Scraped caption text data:
>>>>>
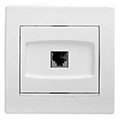 RJ45 számítógép aljzat szimpla, Cat5e, komplett (Anya) fehér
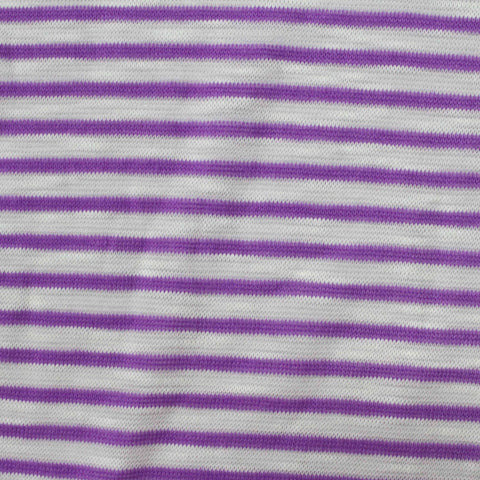 Purple Horizontal-Stripe Jersey Knit, 141 gsm
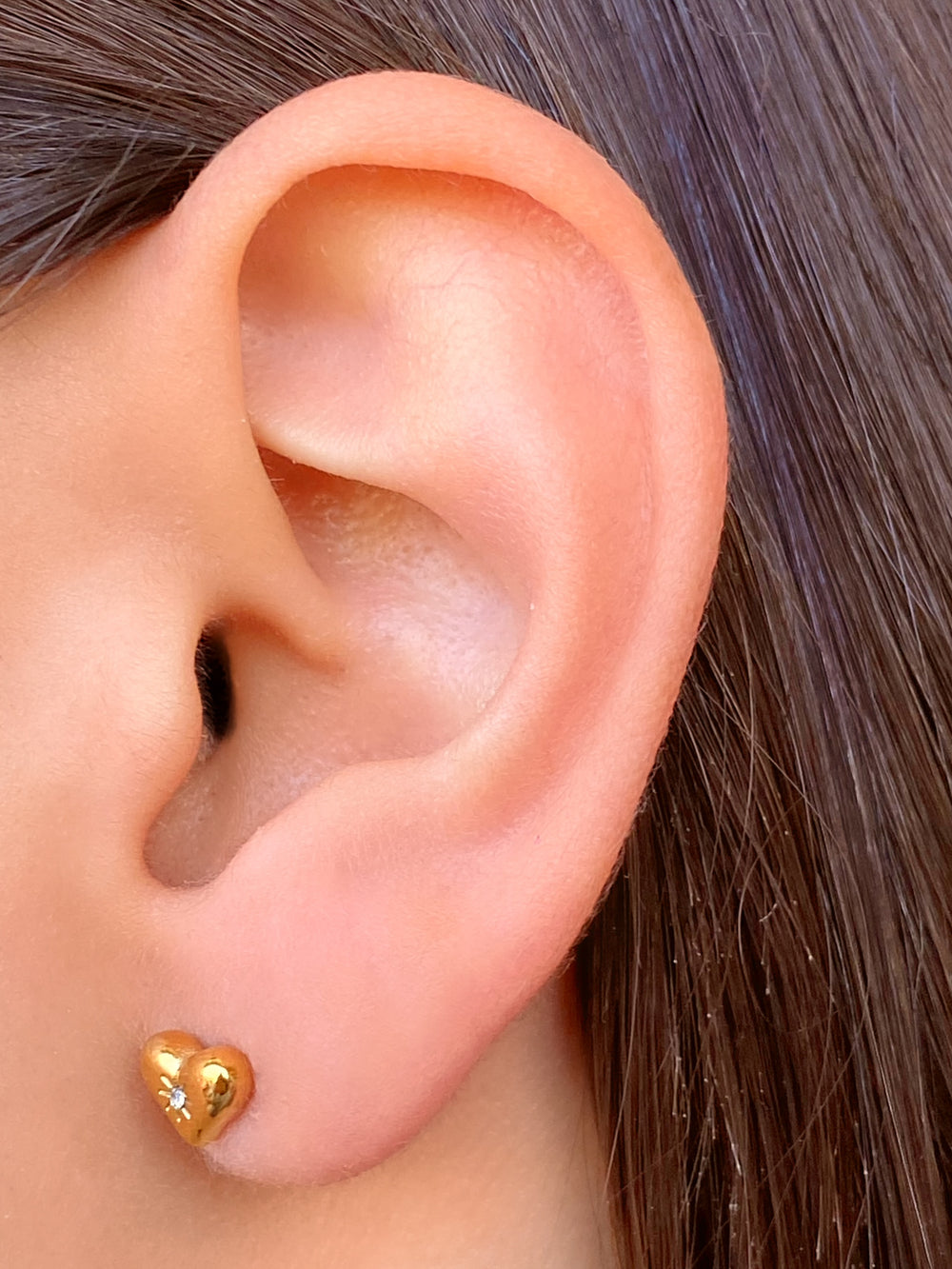 Par Arete Mini Corazon Centro Zirconia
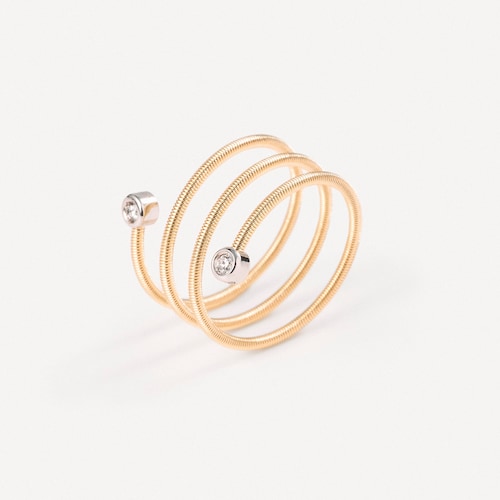 Anel duplo em ouro com diamantes TOUS ATELIER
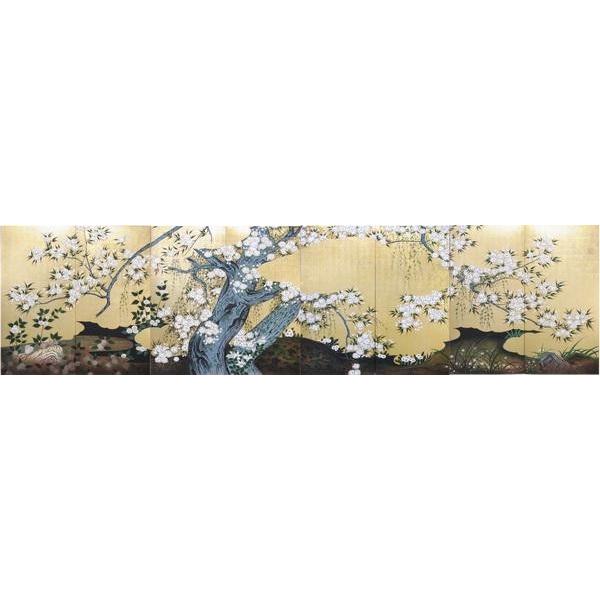 漆絵 長谷川久蔵の名作_桜図 全図（左隻＋右隻） NH81 : 絵画制作専門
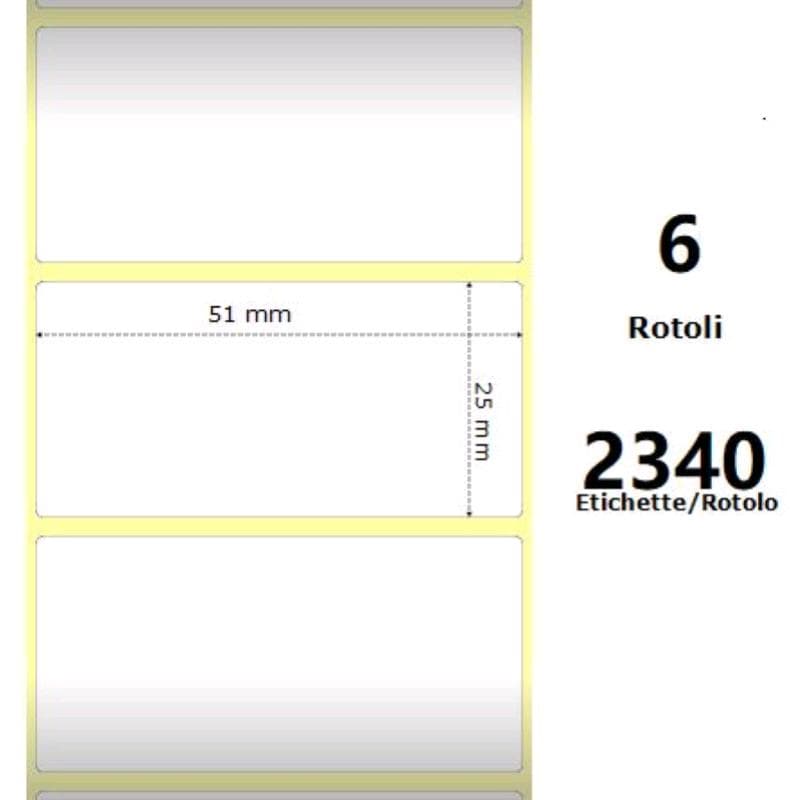 Zebra White 51x25mm, 2340 Et/Rotolo Z-2000D 2x1x1 Core - MINIMO 6pz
<<<<<
#### TASK OBJECTIVE
The records above should be retyped in full and exactly; omit the pictures.

#### OUTPUT OF THE TASK
 RJ45 számítógép aljzat szimpla, Cat5e, komplett (Anya) fehér
 Purple Horizontal-Stripe Jersey Knit, 141 gsm
 Par Arete Mini Corazon Centro Zirconia
 Anel duplo em ouro com diamantes TOUS ATELIER
 漆絵 長谷川久蔵の名作_桜図 全図（左隻＋右隻） NH81 : 絵画制作専門
 Zebra White 51x25mm, 2340 Et/Rotolo Z-2000D 2x1x1 Core - MINIMO 6pz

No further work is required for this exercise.